Consider the Bessel equation of order \(v\)
$$
x^{2} y^{\prime \prime}+x y^{\prime}+\left(x^{2}-v^{2}\right)=0, \quad x>0
$$
Take \(v\) real and greater than zero.
(a) Show that \(x=0\) is a regular singular point, and that the roots of the
indicial equation
are \(v\) and \(-v\).
(b) Corresponding to the larger root \(v\), show that one solution is
$$
y_{1}(x)=x^{v}\left[1+\sum_{m=1}^{\infty} \frac{(-1)^{m}}{m !(1+v)(2+v)
\cdots(m-1+v)(m+v)}\left(\frac{x}{2}\right)^{2 m}\right]
$$
(c) If \(2 v\) is not an integer, show that a second solution is
$$
y_{2}(x)=x^{-v}\left[1+\sum_{m=1}^{\infty} \frac{(-1)^{m}}{m !(1-v)(2-v)
\cdots(m-1-v)(m-v)}\left(\frac{x}{2}\right)^{2 m}\right]
$$
Note that \(y_{1}(x) \rightarrow 0\) as \(x \rightarrow 0,\) and that \(y_{2}(x)\)

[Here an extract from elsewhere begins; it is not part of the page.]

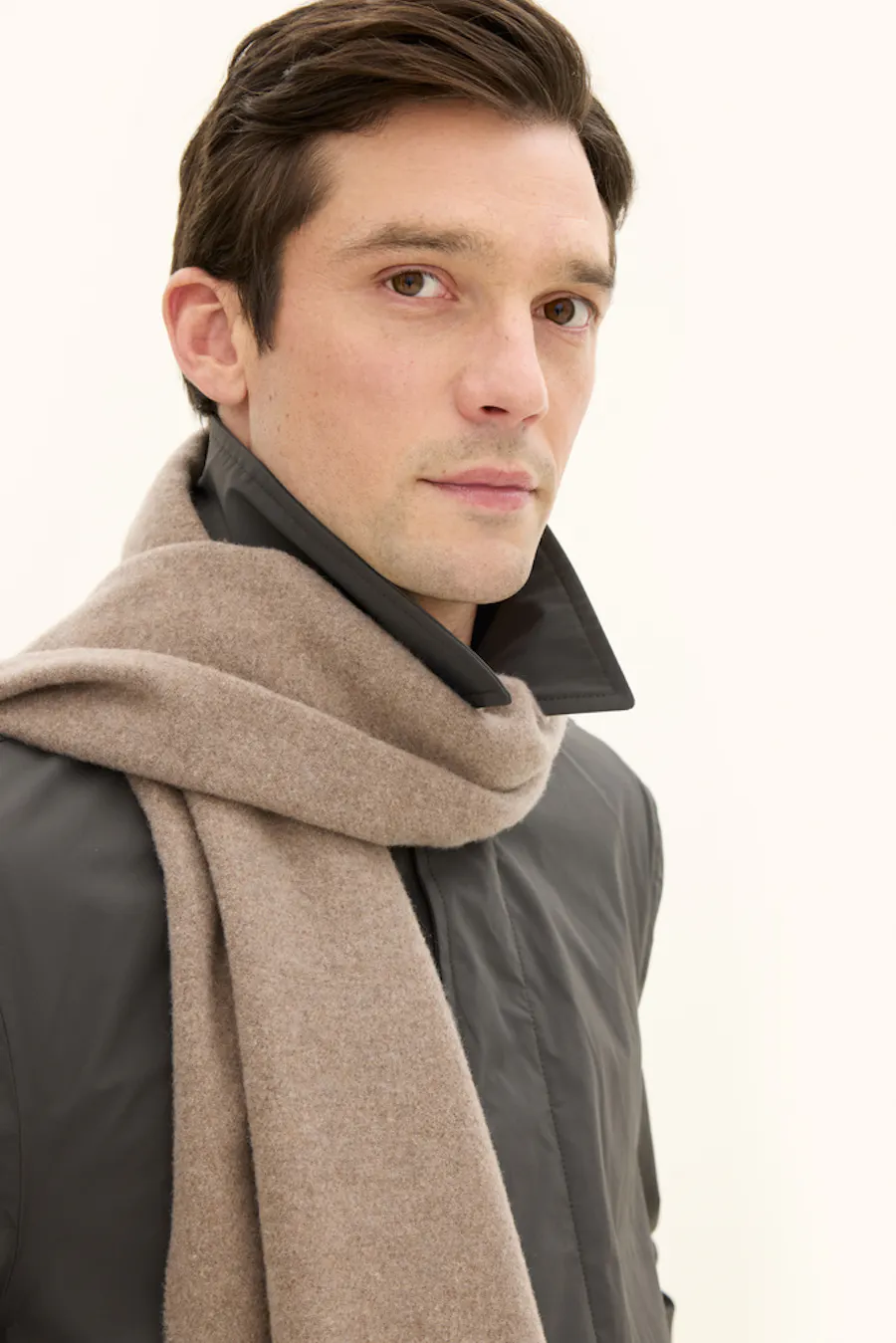 Brushed Wool Scarf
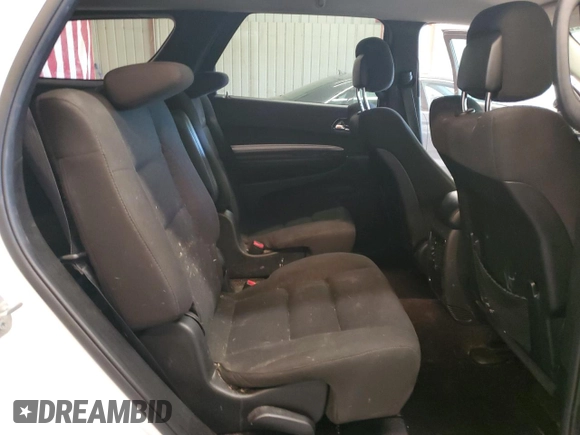 2018 Dodge Durango SXT with VIN 1C4RDJAG7JC248243, listed as a Copart auction lot 60323325 with 62,800 mi miles and Salvage title. Bid and sale history available at DreamBid. Image 11.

is unbounded as \(x \rightarrow 0\).
(d) Verify by direct methods that the power series in the expressions for
\(y_{1}(x)\) and \(y_{2}(x)\) converge absolutely for all \(x\). Also verify that
\(y_{2}\) is a solution provided only that \(v\) is not an integer.